Neyse başka kıl tüy huyları da var kendisinin.
Misal diyor ki bir gün “Kocacım kralcım, ben mendillerin kare olmasını istiyorum.”
Baaak!
Kaprise bak!
O da hemen bir ferman çıkartıyor, çat o gün bugündür bütün mendiller kare…
Dünyanın her yanında kızların, oğlanların elinde birer mendil…
O zamanlar bizim gibi pis pis sümük silmiyorlar mendillere, bir letafeti, zarafeti var olayın, bir çeşit aşk mektubu.
Burun kollara siliniyor, mendili ziyan etmiyorlar.
Mendilin ucuna sevdiğinin baş harfini işliyorsun, öyle kıymetli bir aksesuar.
Şimdi hikayeye buyrun gençler.
Bir yaşlı teyzeden dinlemiştim köyde çocukken.
Buncağızın bir yavuklusu var, mendil işleyecek ama kumaşı yok.
Yokluk, fakirlik zamanları…
Ama aşk hep var.
Aşk ekonomi dinlemiyor, kumaşları yok ama sevgilileri var.

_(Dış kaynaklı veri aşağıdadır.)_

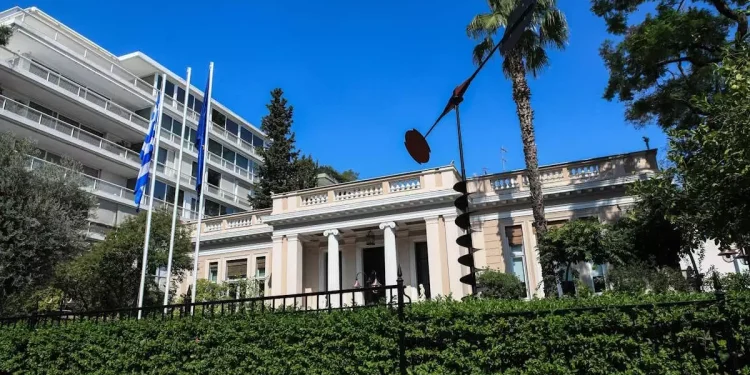 Σε «κόκκινο» συναγερμό η Αθήνα για την ένταση στη Μέση Ανατολή – Πετρέλαιο και μετανάστες οι ανησυχίες της κυβέρνησης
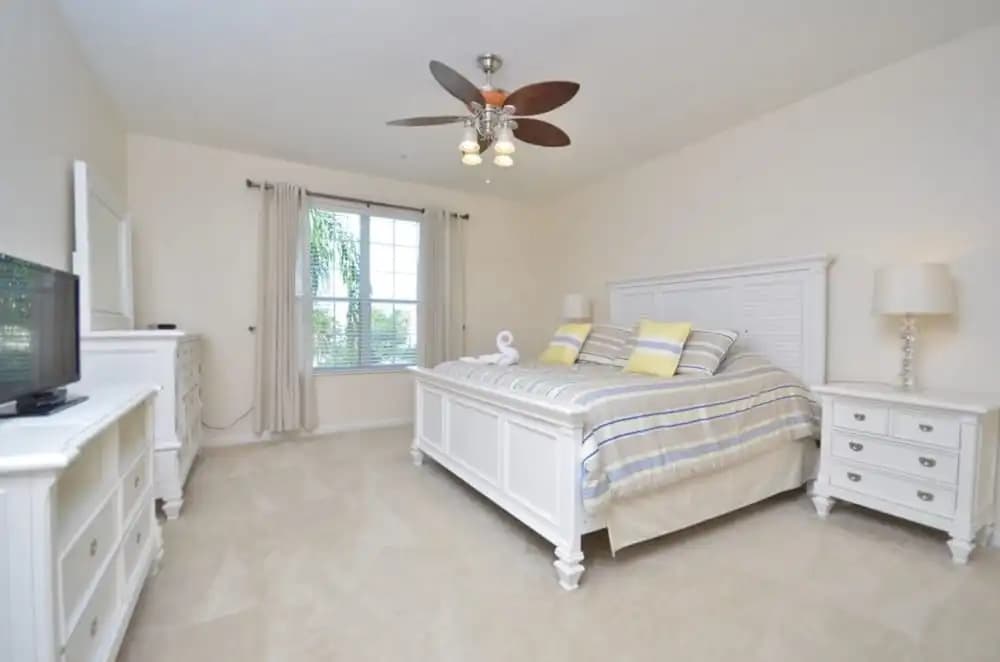 Vista Cay Three-bedroom - photo 4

Neyse mendil yapmak için babasının gömleğinin etek ucundan bir kare parça kesiveriyor cancağızım.
Ucuna ikisinin baş harflerini işleyip oğlana gönderiyor.
Kesik gömleğin faili soruluyor evde ama kimsede ses yok.
Ohhh diyor bizimki yırttım.
Tee ne zaman sonra, gönlü geçip ayrılınca, hain oğlan mendili getirip bırakıveriyor bahçe kapısının altına.
Mendilin ucundaki harflerden buluyorlar gömleği kesenin kim olduğunu…
Yaaa Marie Antoinette öyle işte, haberin var mıydı senin bunlardan?
Yoktu dimiii?
Olmaz tabi…
Sen anca ye, iç, giyin, kuşan yak Fransızların başını.